Thursday, May 3, 2018

“Ebenezer and Thomas”

(From 2012)

"Ebenezer and Thomas"
   

     Allow me, if you will, to express a pet peeve.  Or two, actually.

    I cannot stand Ebenezer Scrooge being viewed as symbolic of mean, miserly, and cold-hearted misers who possess no caring or compassion for their fellow man.  Nor can I abide an apostle of the Lord Jesus Christ who ultimately gave his life for the Savior being referred to as "doubting Thomas."

    "If any man be in Christ, he is as a new creature.  Old things are passed away, behold, all things are become new" (II Corinthians 5:17).

    Whether in Dickens' literature or the Bible's historical reality, we should direct our focus to that which is rather than that which was.  In Ebenezer's case, his journeys through the past, present, and future led to his becoming the man who most knew how to keep Christmas.  His is a story of redemption.  Thus when we hear the name "Scrooge," kindness and generosity should come to mind in joyful remembrance of transforming grace and mercy.

    In the case of the Apostle Thomas, a far serious matter presents itself.  Certainly, he expressed the fleshly "I'll believe it when I see it" sensibility that characterizes all of us at times.  "Except I shall see in His hands the print of the nails, and put my finger into the print of the nails, and thrust my hand into His side, I will not believe" (John 20:25).  Moreover, the risen Lord Jesus chided his disciple for such uncertainty: "Then saith He to Thomas, reach hither thy finger, and behold My hands; and reach hither thy hand, and thrust it into My side: and be not faithless, but believing" (John 20:27).  However, the episode ends with Thomas expressing to his Savior one of the great affirmations of truth recorded in Scripture.  "My Lord and my God!" he pronounces the Lord Jesus.  Moreover, historical tradition holds that Thomas gave his life for Christ at the point of a spear.  Rather than "doubting Thomas," we should therefore respectfully view our brother of old as "trusting Thomas," a man who wears the martyr's crown for the glory of the Lord Jesus.

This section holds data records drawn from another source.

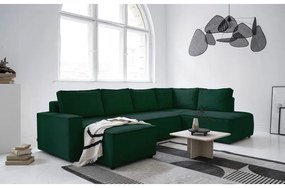 Тъмнозелен разтегателен ъглов диван от рипсено кадифе (десен ъгъл/"U" форма) Brave Dave – Miuform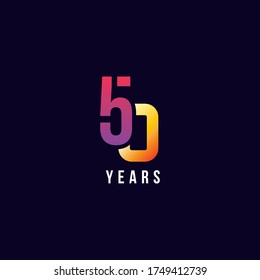 50 Years Anniversary Gradient Number Vector Design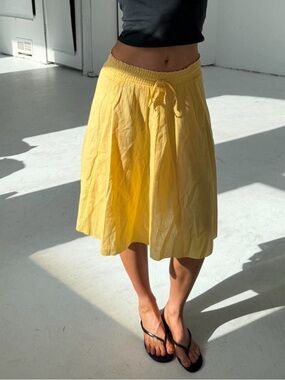 Flowy Yellow A-Line Cotton Midi Skirt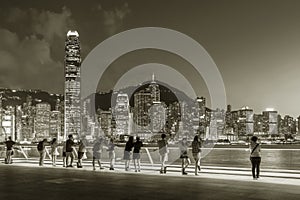 Night scenery of Skyline of Victoria harbor of Hong Kong city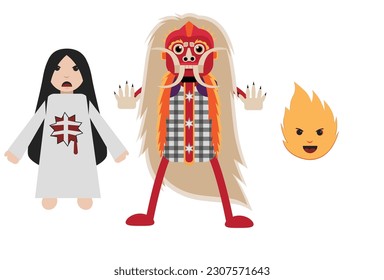 Illustration vector graphic of Indonesian ghost, sundel bolong, leak and banaspati.Good for making stiker or children's book characters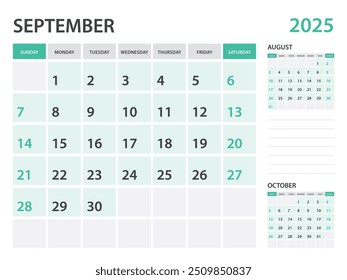 Calendar 2025 template- September 2025 year, monthly planner, Desk Calendar 2025 template, Wall calendar design, Week Start On Sunday, Stationery, printing, office organizer vector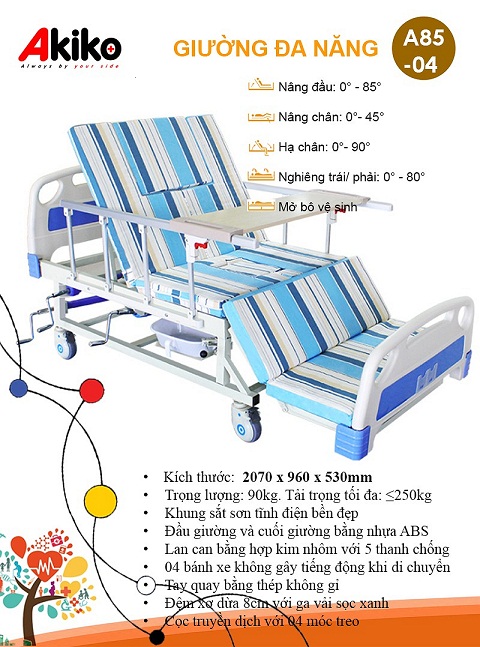 Giường bệnh nhân đa năng 5 tay quay Akiko A85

    God looks upon us not as who we were, but as who we are in Christ and who we are becoming in Him.  We must share this blessed view of His saving grace, whether we consider a transformed literary figure, or a redeemed saint who gave the last full measure of devotion for his Lord and his God.  Ebenezer and Thomas - may we remember them as who they became, and as who they should remain in our appreciation and respect.

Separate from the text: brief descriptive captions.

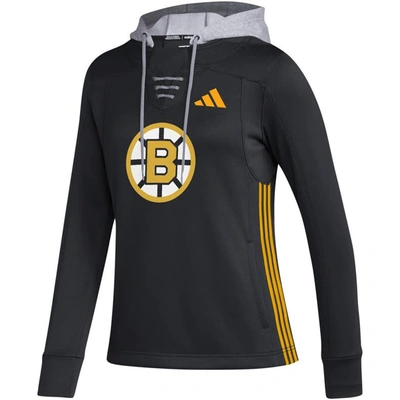 Shop Adidas Originals Adidas Black Boston Bruins Refresh Skate Lace Aeroready Pullover Hoodie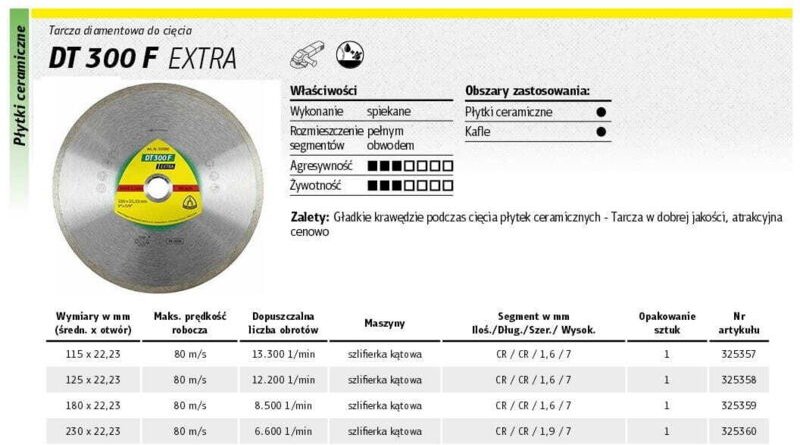 KLINGSPOR VOLLDIAMANTSCHEIBE 230 mm x 1,9 mm x 22,2 mm DT300F, KERAMIK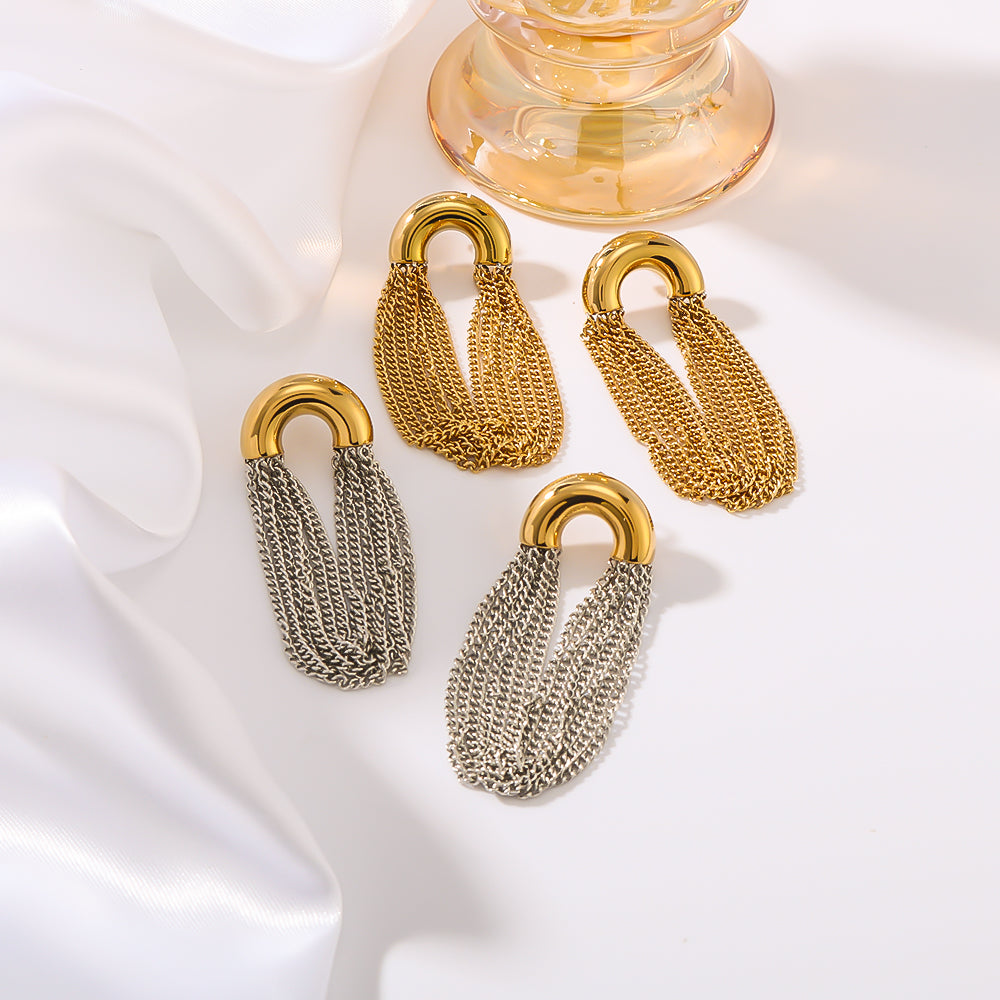 Gold Plated Arc Chain Earrings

"Ye were sometimes darkness, but now are ye light in the Lord."
(Ephesians 5:8)
"Know ye not that the unrighteous shall not inherit the kingdom of God?   Be not deceived: neither fornicators, nor idolaters, nor adulterers, nor effeminate, nor abusers of themselves with mankind, nor thieves, nor covetous, nor drunkards, nor revilers, nor extortioners, shall inherit the kingdom of God. And such were some of you: but ye are washed, but ye are sanctified, but ye are justified in the name of the Lord Jesus, and by the Spirit of our God."
(I Corinthians 6:9-11)

Weekly Memory Verse
     I will walk before the Lord in the land of the living.